A very interesting a thought provoking question, project managers wonder about is "When does a project really start?"

I have been explaining it to my students but still many similar questions keep pouring in. I recently received following question:
In PMBOK the End of project is clearly defined as:
a) when project objectives are met
b) when project is terminated... and
c) need for the project no longer exists.
However, what clearly marks the Start of a project?
I tried hard to get a clear definition for it. In one of your video lectures you said the day we start to spend project money then that day project has started.
Your example was the passport digitization project where you visited the project office after a year and the PM telling you that the project has yet not started.
What marks the START of a project?


TEMPORARY ENDEAVOR

Well, every project manager has his own definition of the start and end of the project. PMBOK Guide, 5th Edition, clearly defines a project as a TEMPORARY ENDEAVOR. Some people think that a Temporary Endeavor means a fixed date to start and a fixed date to finish a project. I have reservation to that interpretation. If the two dates are already known and fixed then project manager has absolutely no flexibility to plan. I do agree there me be some constraints imposed on a project and these kinds of fixed dates may be one of those constraints, but we should not take that as a norm. Sometimes you may have to start a project by a certain date and sometimes you may have a constraint to finish a project by a specific date. Even sometimes you may even have a more difficult situation when a project is constrained by both of these dates, but that may be an exception rather than a mandatory condition. We must understand the constraints will restrict the independence of the project manager in planning, but they sometimes are a necessity rather than convenience.

CONSTRAINTS

I would say, a project manager must understand all the project requirements, constraints, limitations, risks, and assumptions, when he is assigned the project. That is exactly when we have to start identifying the stakeholders immediately after the charter has been issued. Some people think that all requirements are given in the charter and project manager need not waste any further time in identification of stakeholders and collection of requirements. Remember, the charter, the business case, the statement of work, and the agreement or contract, all these documents do describe the scope at a specific level of detail but not at the level required to plan and execute the project. Project manager is the the one who has to deal with the changing requirements of the stakeholders at the minutest levels, so that high level scope will not serve the purpose, except for getting the scope further elaborated during planning. Naturally, further constraints and limitations will keep getting introduced and project manager will keep adjusting and complying to them during the project life cycle. So the best approach for project manager during initiation would be to understand all the constraints and limitations and then during planning he has to do her own detailed analysis of the requirements after having collected them further from identified stakeholders, because that would add more detailed constraints and limitations, which project manager will have to comply with.

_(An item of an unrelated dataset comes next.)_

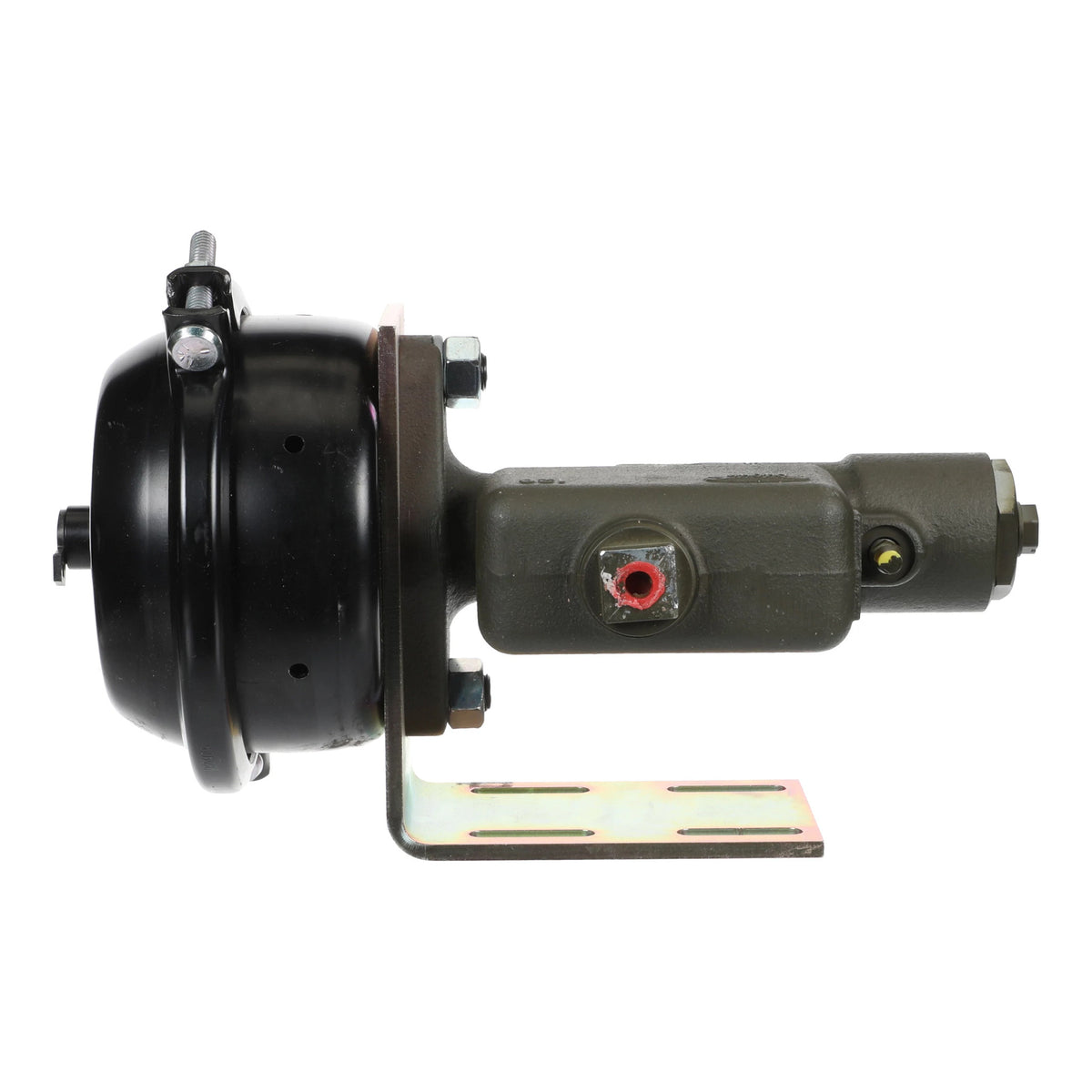 L113007 - OEM CYLINDER - CASE CONSTRUCTION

BEST CASE AND WORST CASE SCENARIOS

Project manager should start planning only after she has well understood the whole situation and has a good grasp on the matter under consideration. I will strongly suggest that initial plan when being brainstormed should be free from consideration of any constraints. Although it looks odd to say you should not consider any constraints at this stage but that will give you an optimist's view how a project can be done, that is your best case scenario. Then you plan again with a pessimist's point of view where you consider all possible constraints and risks (not only those which have already been known through requirement gathering but even more), would give you the worst case scenario. Now you must be sure that these are the two extreme limits within which the project can positively be accomplished with a little ease or difficulty. but beyond these two extremities, it is impossible to perform the project. Now that you practically know your limits, it is the time to put the constraints imposed on you by the project environment, stakeholders and other sources. If your project is still doable, it will form a shape (start and finish dates) within the two extreme limits of best and worst case scenarios, you had earlier defined. Else you would know, either it is impossible to perform this project or you have to creatively bring major changes to the scope, time or cost to make it doable. Whole of this exercise will contribute positively in determining the start and finish dates of your project.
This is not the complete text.